> **Exercise details**
Please reproduce the entries exactly, skipping each picture.

[Stored items from a collection]
---

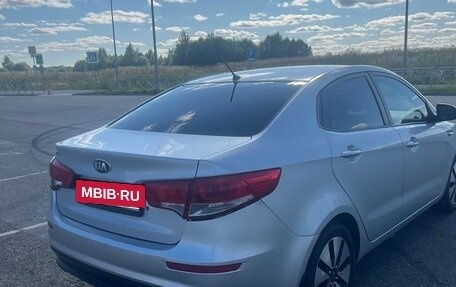KIA Rio III рестайлинг, 2015 год, 1 000 000 рублей, 4 фотография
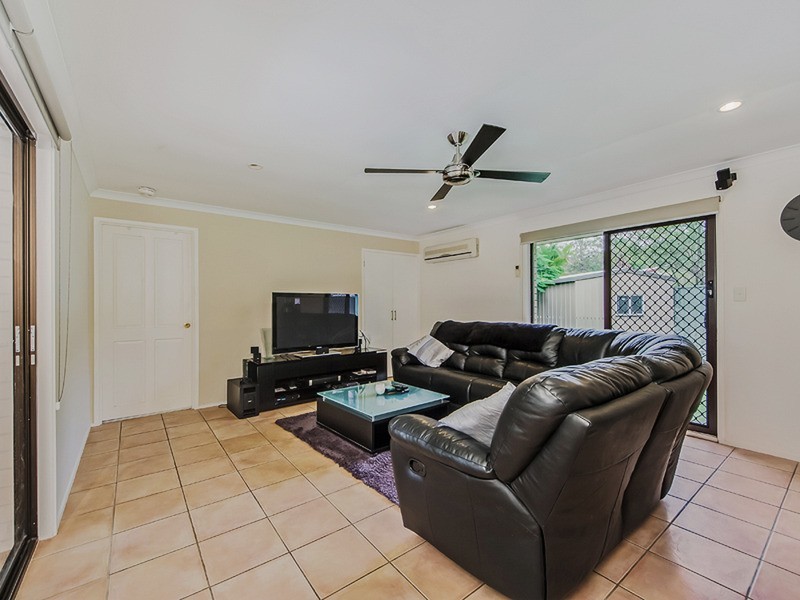 6 Jade Stone  Court, Carrara QLD 4211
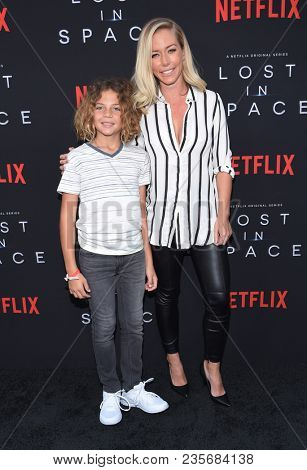 LOS ANGELES - APR 09:  Kendra Wilkinson and Hank Baskett IV arrives to the premiere of Netflix's 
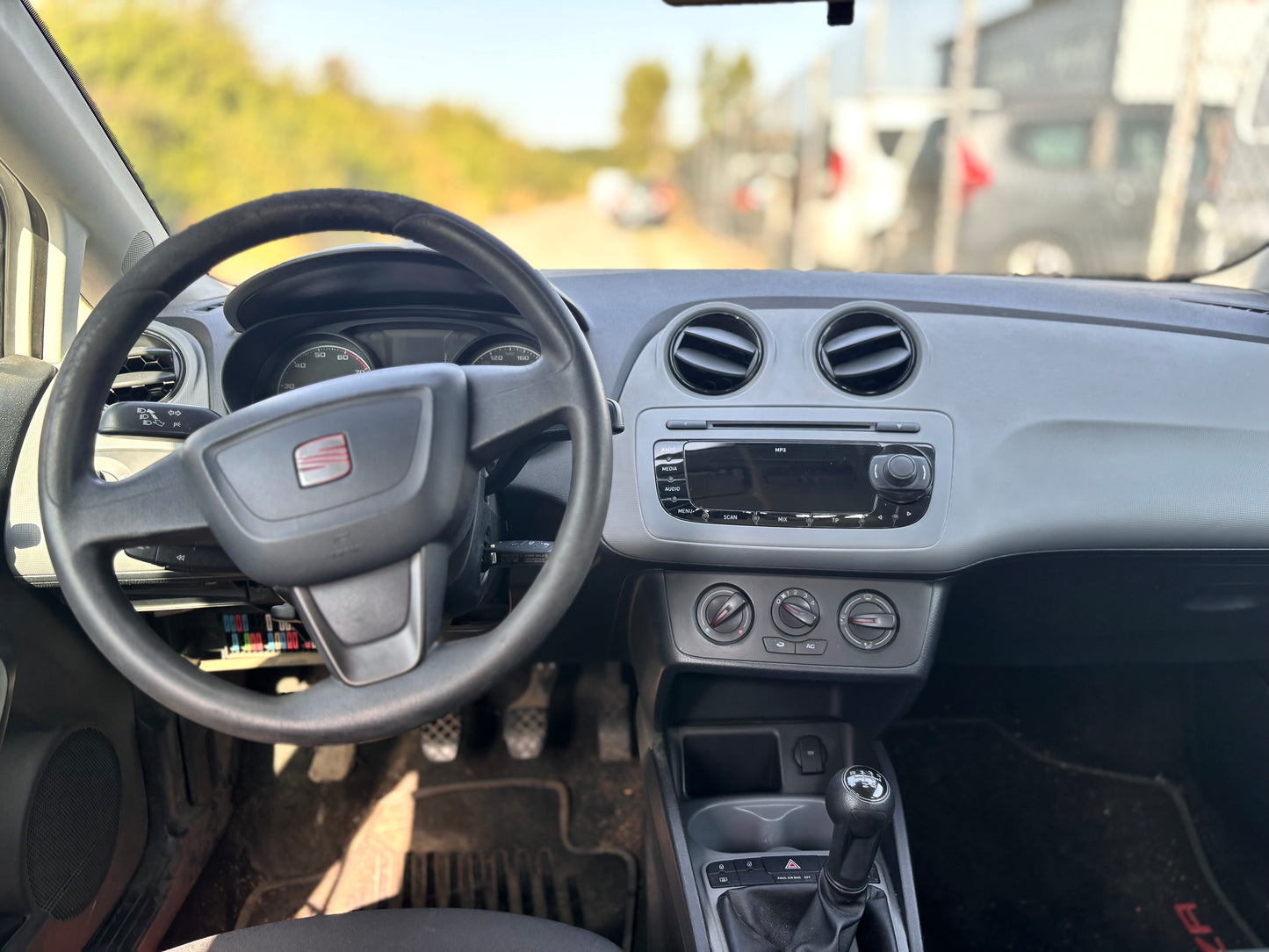 SEAT IBIZA
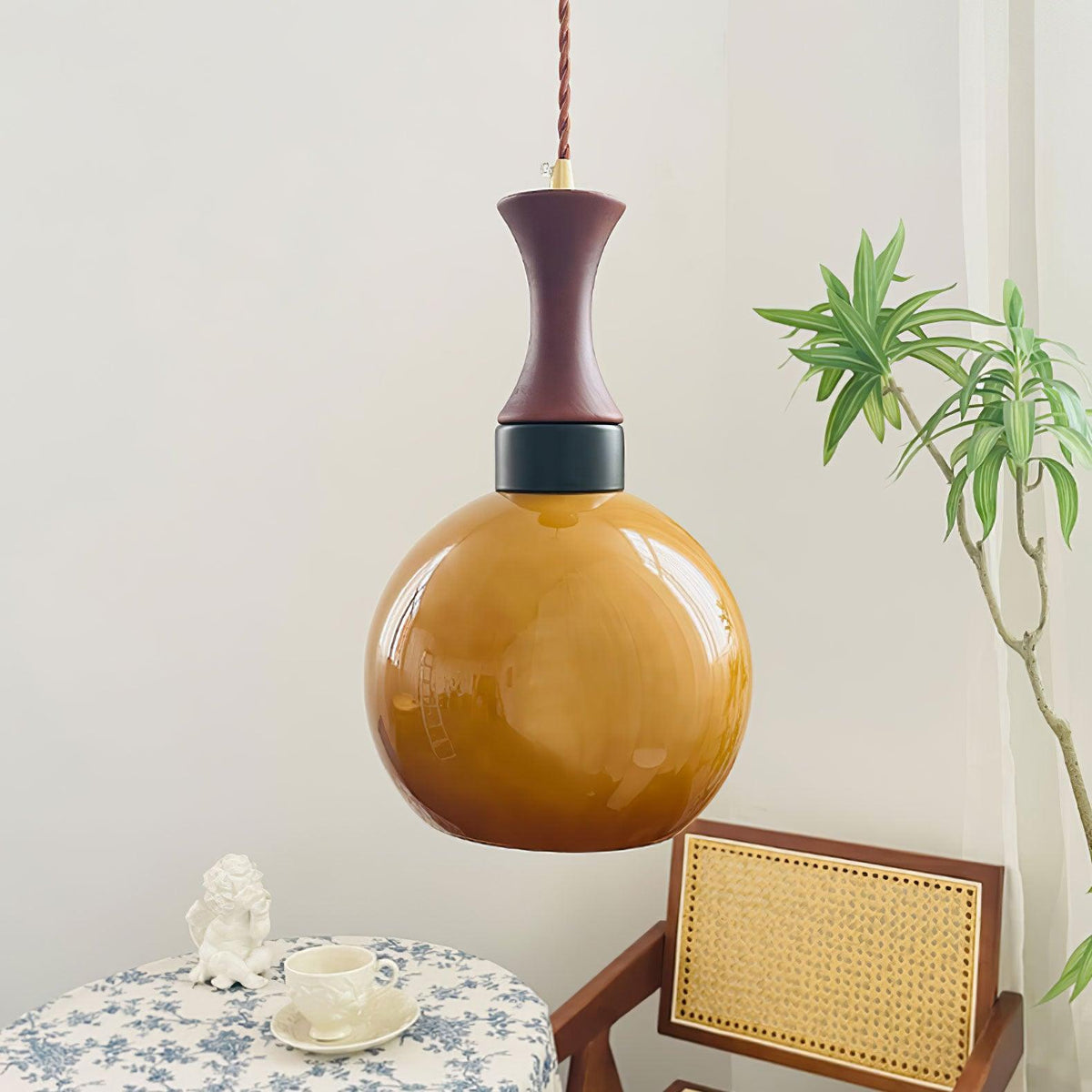 Gyls Modern Minimalist Wood Glass Pendant Lamp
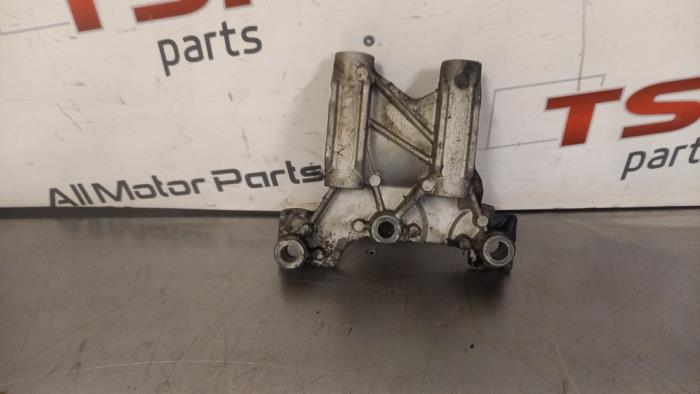 Gebruikte Motorrubber Volkswagen Transporter T5 2.5 TDi Prijs € 21,00 Margeregeling aangeboden door TSI-Parts / Allmotorparts B.V.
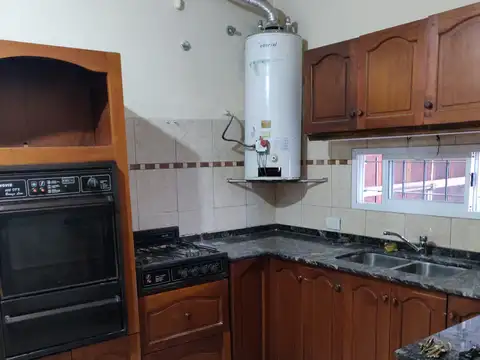 Casa en Alquiler en Castelar, $ 850.000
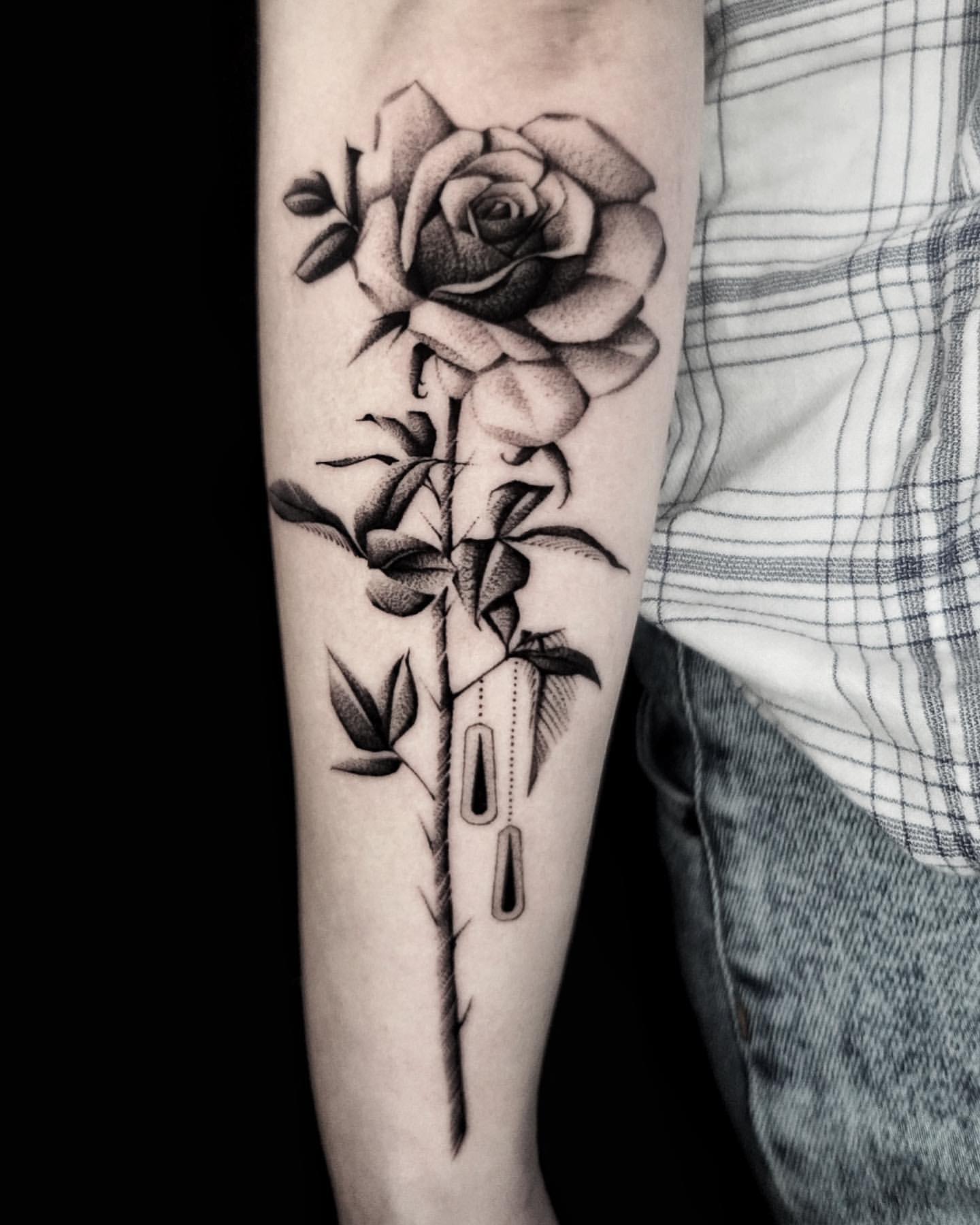 Black Rose Tattoo Ideas 13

---

> **Answer section**
KIA Rio III рестайлинг, 2015 год, 1 000 000 рублей, 4 фотография
 6 Jade Stone  Court, Carrara QLD 4211
 LOS ANGELES - APR 09:  Kendra Wilkinson and Hank Baskett IV arrives to the premiere of Netflix's 
 SEAT IBIZA
 Gyls Modern Minimalist Wood Glass Pendant Lamp
 Gebruikte Motorrubber Volkswagen Transporter T5 2.5 TDi Prijs € 21,00 Margeregeling aangeboden door TSI-Parts / Allmotorparts B.V.
 Casa en Alquiler en Castelar, $ 850.000
 Black Rose Tattoo Ideas 13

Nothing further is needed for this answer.